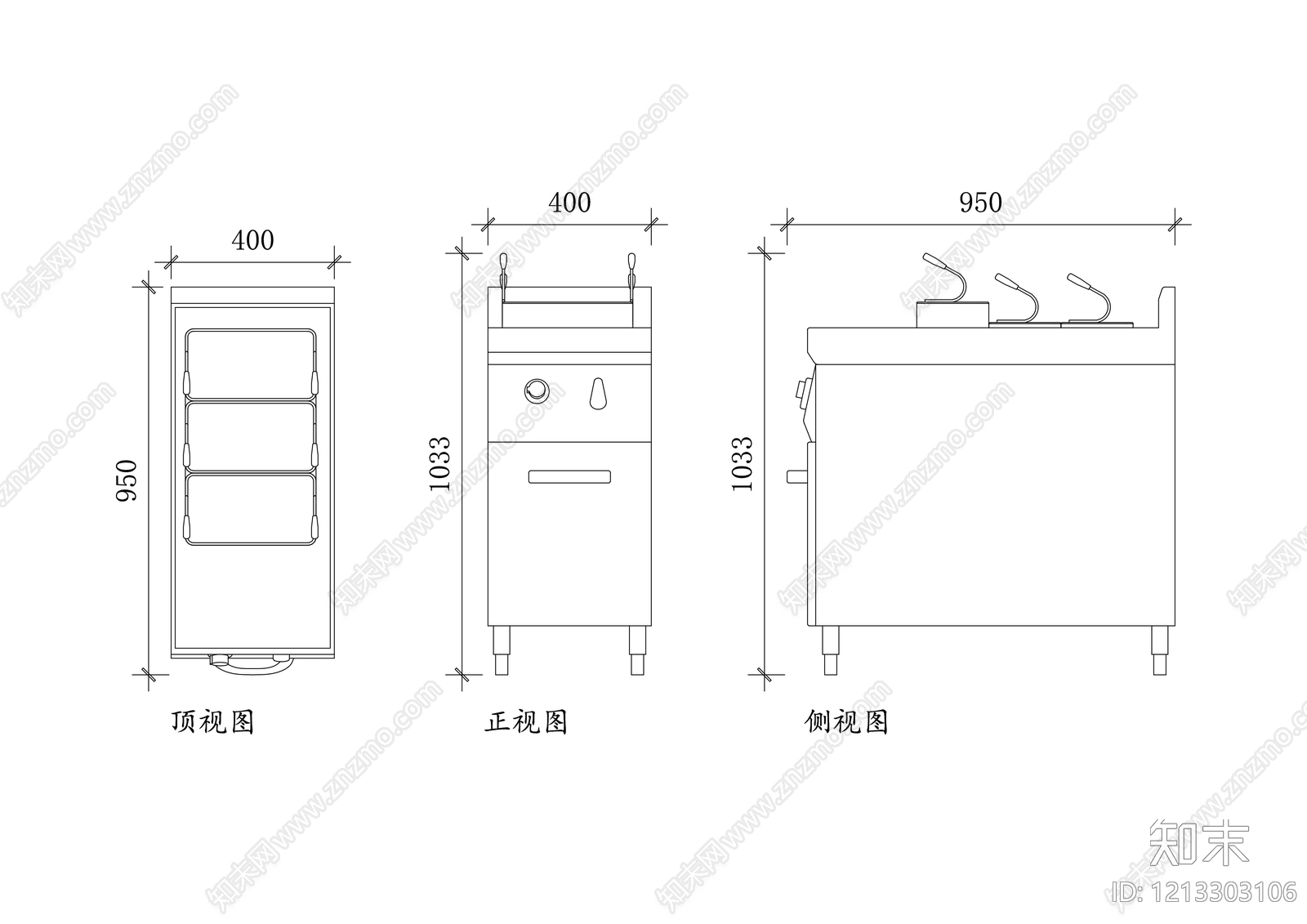 现代厨房设施施工图下载【ID:1213303106】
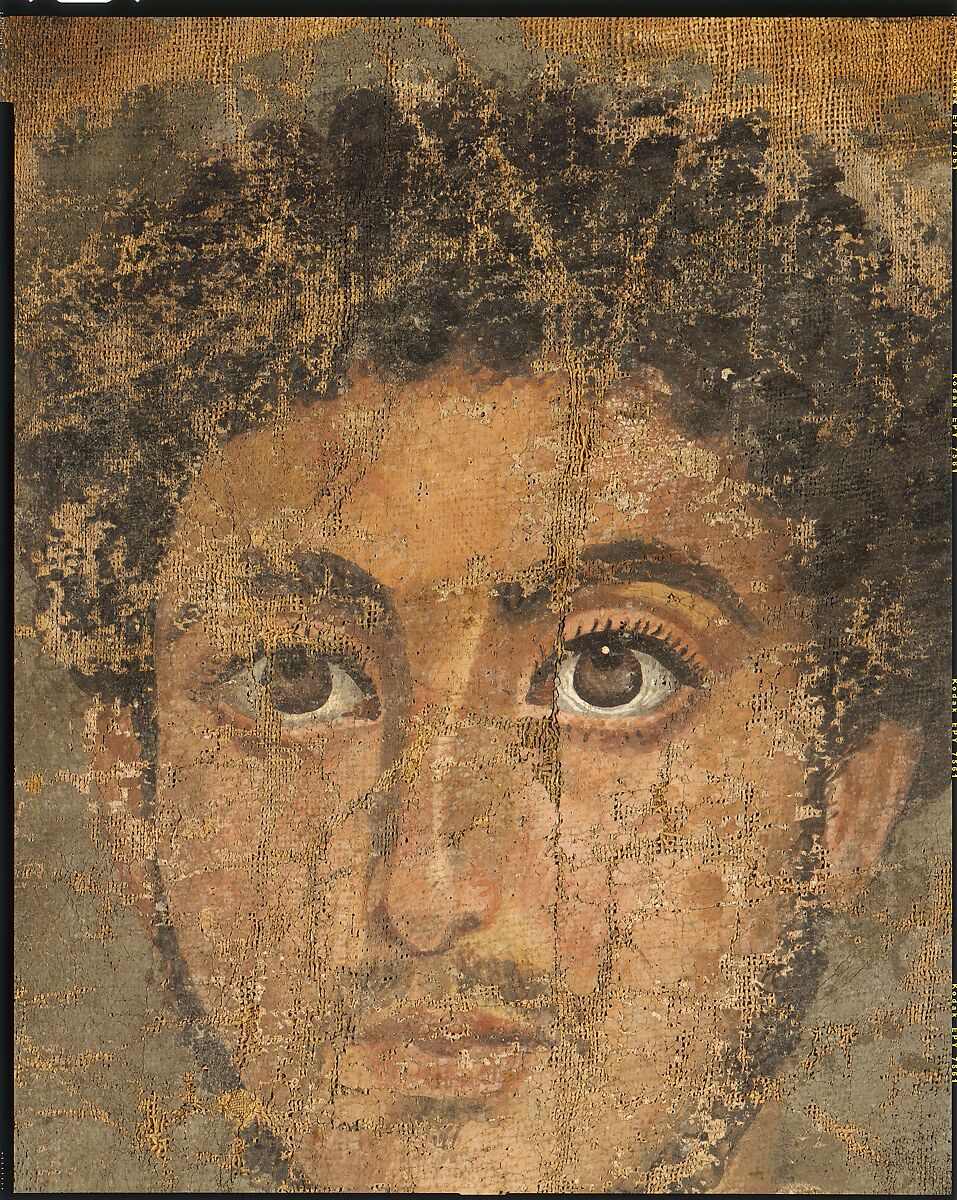 Fragmentary Shroud with a Bearded Young Man, Linen, tempera paint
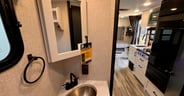 Medicine cabinet and stainless steel bathroom sink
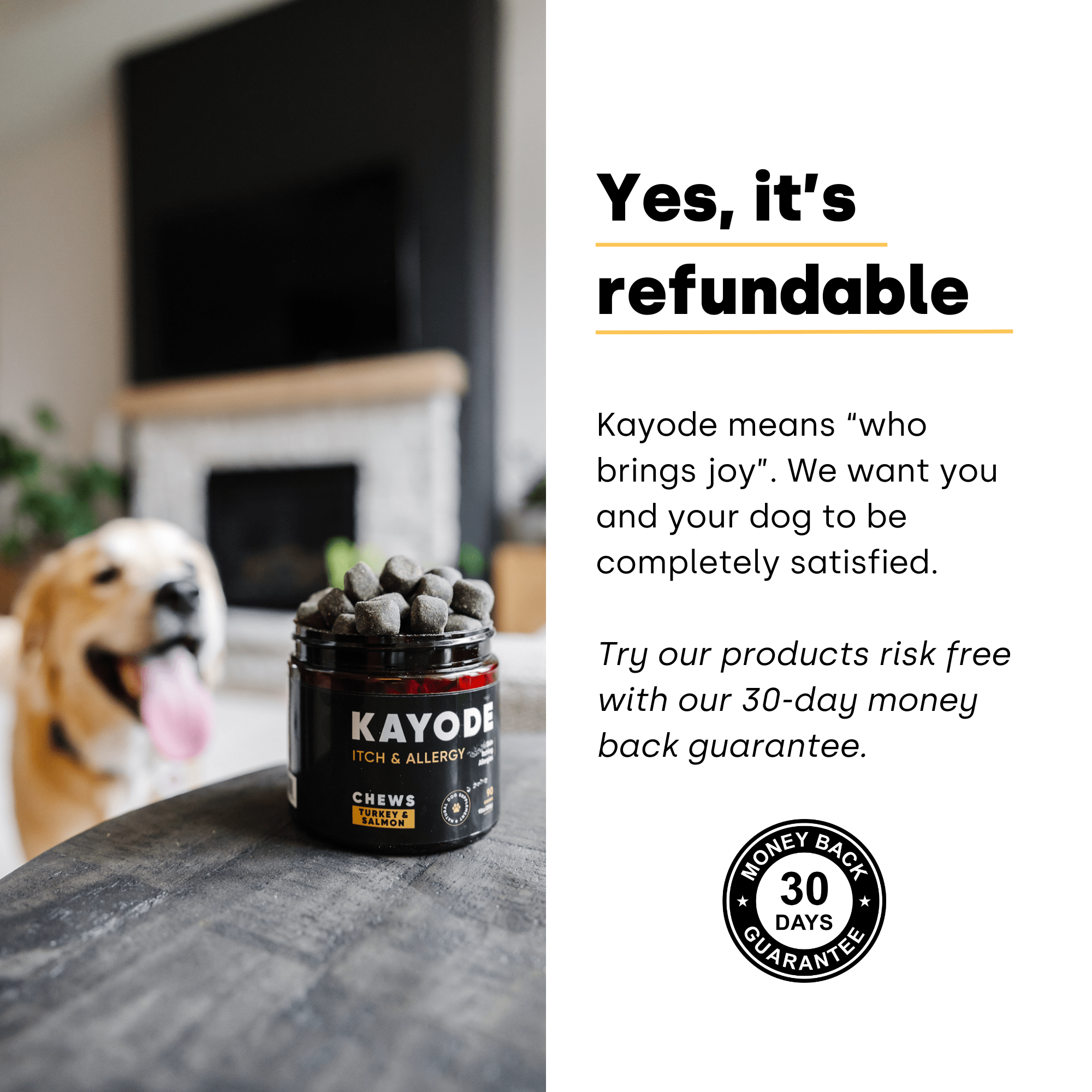 Container of Kayode Doggie Greens chews for dogs, promoting gut, skin, energy, and immunity.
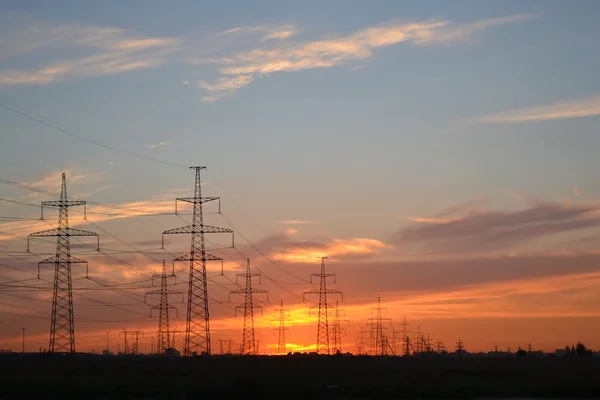 Lignes de transport d'électricité au coucher du soleil. — Photo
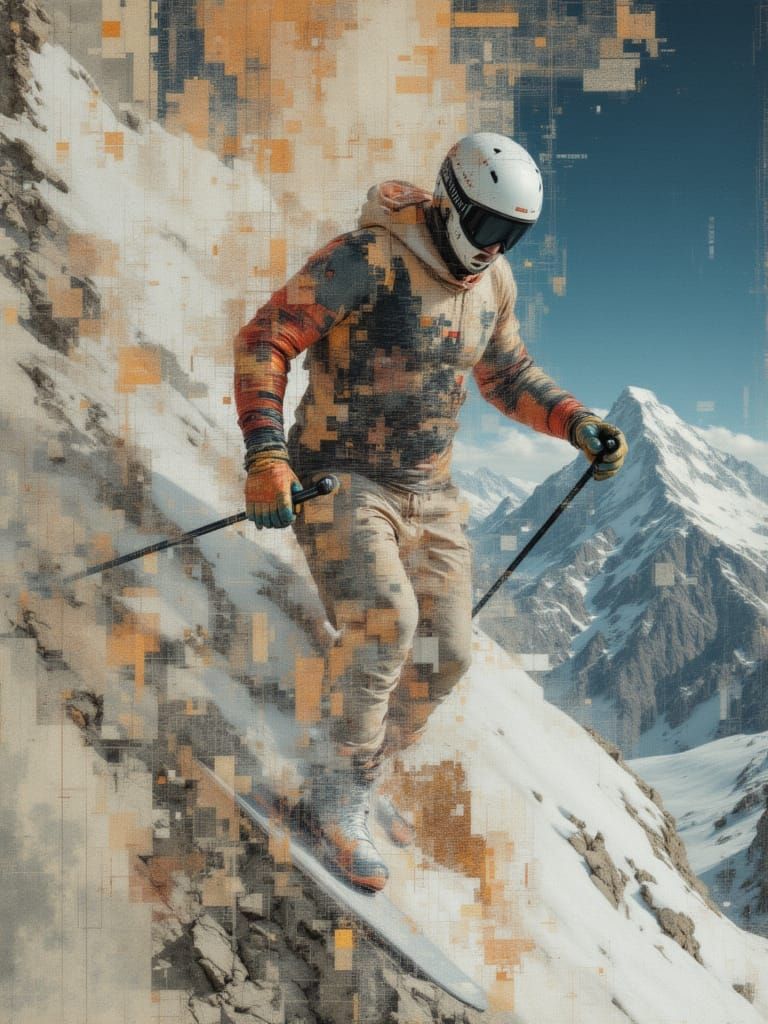 Corrupted Fresco: Skier in Renaissance Digital Decay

> **Assignment**:
Repeat the material above exactly. Leave every picture out of it.

> **Exercise response**:
 现代厨房设施施工图下载【ID:1213303106】
 Fragmentary Shroud with a Bearded Young Man, Linen, tempera paint
 Medicine cabinet and stainless steel bathroom sink
 Container of Kayode Doggie Greens chews for dogs, promoting gut, skin, energy, and immunity.
 Lignes de transport d'électricité au coucher du soleil. — Photo
 Corrupted Fresco: Skier in Renaissance Digital Decay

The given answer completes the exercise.